We’ll use a Bayesian Poisson model:
- Let λₜ be the latent goal-scoring rate for each team.
- Then our prior is λₜ ∼ Gamma(α,β)
- And we assume the Goals ∼ Poisson(λₜ), updating beliefs about λₜ using the actual goals scored across matches.
λₜ | data ∼ Gamma(α+total goals, β+total matches)
Right, now we need to decide our values for α and β:
- My initial belief (without looking at any data) is that most teams score around 2 goals per match. I also know that in a Gamma distribution, the mean is computed using α/β.
- But I’m not very confident about it, so I want the standard deviation to be relatively high, above 1 goal certainly. Again, in a Gamma distribution, the standard deviation is computed from √α/β.
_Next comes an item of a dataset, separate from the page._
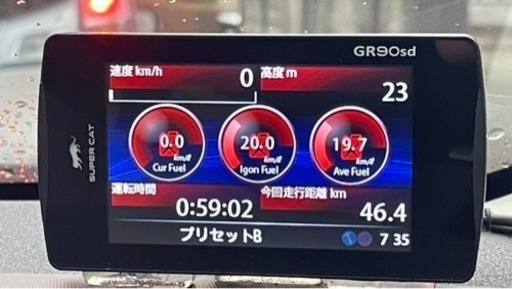 レーダー探知機！OBD2付き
Resolving the simple equations that emerge from these reasonings, we find that α=2 and β=1 are probably good prior assumptions.
With that, if we run our model, we get the next results:
Team | Games Played | Total Goals | Posterior Mean (λ) | Posterior Std | Observed Mean | Luck (Obs – Post) |
---|---|---|---|---|---|---|
Team A | 10 | 14 | 1.45 | 0.36 | 1.40 | −0.05 |
Team D | 10 | 13 | 1.36 | 0.35 | 1.30 | −0.06 |
Team E | 10 | 12 | 1.27 | 0.34 | 1.20 | −0.07 |
Team F | 10 | 10 | 1.09 | 0.31 | 1.00 | −0.09 |
Team B | 10 | 9 | 1.00 | 0.30 | 0.90 | −0.10 |
Team C | 10 | 9 | 1.00 | 0.30 | 0.90 | −0.10 |
How do we interpret them?
- All teams slightly underperformed their posterior expectations — common in short seasons due to variance.
- Team B and Team C had the biggest negative “luck” gap: their actual scoring was 0.10 goals per game lower than the Bayesian estimate.
- Team A was closest to its predicted strength — the most “neutral luck” team.
This was a fake example using fake data, but I bet you can already sense its power.
Let’s now check some historical randomness moments in the world of sports.
Famous Randomness Moments
Any NBA fan remembers the 2016 Finals. It’s game 7, Cleveland play at Warriors’, and they’re tied at 89 with less than a minute left. Kyrie Irving faces Stephen Curry and hits a memorable, clutch 3. Then, the Cavaliers win the Finals.
Was this skill or luck? Kyrie is a top player, and probably a good shooter too. But with the opposition he had, the time and scoreboard pressure… We simply can’t know which one was it.
Moving now to football, we focus now on the 2019 Champions League semis, Liverpool vs Barcelona. This one is personally hurtful. Barça won the first leg at home 3-0, but lost 4-0 at Liverpool in the second leg, giving the reds the option to advance to the final.
Liverpool’s overperformance? Or an statistical anomaly?
One last example: NFL coin toss OT wins. The entire playoff outcomes are decided by a 50/50 simple scenario where the coin (luck) has all the power to decide.
What if we could remove luck?
Can we remove luck? The answer is a clear NO.
Yet, why are so many of us trying to? For professionals it’s clear: this uncertainty affects performance. The more control we can have over everything, the more we can optimize our methods and strategies.
More certainty (less luck), means more money.
And we’re rightfully doing so: luck isn’t removable but we can diminish it. That’s why we build complex xG models, or we build betting models with probabilistic reasoning.
But sports are meant to be unpredictable. That’s what makes them thrilling for the spectator. Most wouldn’t watch a game if we already knew the result.
Final Thoughts
Today we had the opportunity to talk about the role of luck in sports, which is massive. Understanding it could help fans avoid overreacting. But it could also help scouting and team management, or inform smarter betting or fantasy league decisions.
All in all, we must know that the best team doesn’t always win, but data can tell us how often they should have.